E-Banking |
American entrepreneur and inventor, late Steven Paul Jobs
was unequivocal when he said “Innovation distinguishes between a leader and a
follower”. For financial institutions operating in today’s complex environment,
this maxim is merely stating the obvious. Innovation is exceptionally valuable
as it offers new and compelling ways to capture new business and grow loyalty
from consumers. To this end, Banks must continually deploy ground-breaking initiatives
aimed at improving service delivery for customers around the world.
Today, a Deposit Money Bank (DMB) in Brazil which was
encumbered by market restrictions has expanded well beyond traditional banking
to provide customers concierge-type services, such as hotel booking or
restaurant reservations. In Indonesia, 'floating banks' are capturing new
customers by traveling to island populations. In Poland, clients can use a
smartphone app to request a 'mobile Automated Teller Machine (ATM)' – housed
within an electric BMW i3 – to come to them at a specified place and time.

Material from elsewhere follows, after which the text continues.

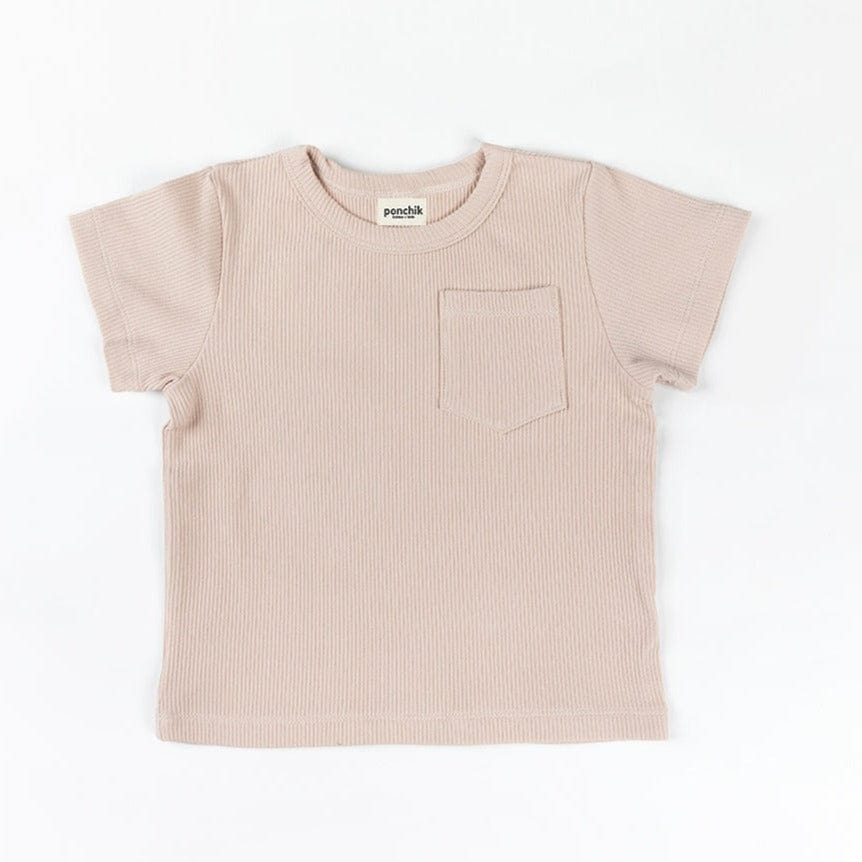 Ponchik Babies + Kids T-Shirt Unisex Ribbed Cotton T-Shirt (Beige)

On the other hand, Kenyan Banks are currently partnering
with Mobile Network Operators (MNOs) to access credit risks of first-time bank
customers. Unencumbered by market restrictions, a lender in Brazil has expanded
well beyond traditional banking to provide customers concierge-type services,
such as hotel booking or restaurant reservations. For Nigerian Banks to remain
competitive, they must utilise technology to evolve into an inclusive lender
offering innovative solutions well beyond mundane banking services.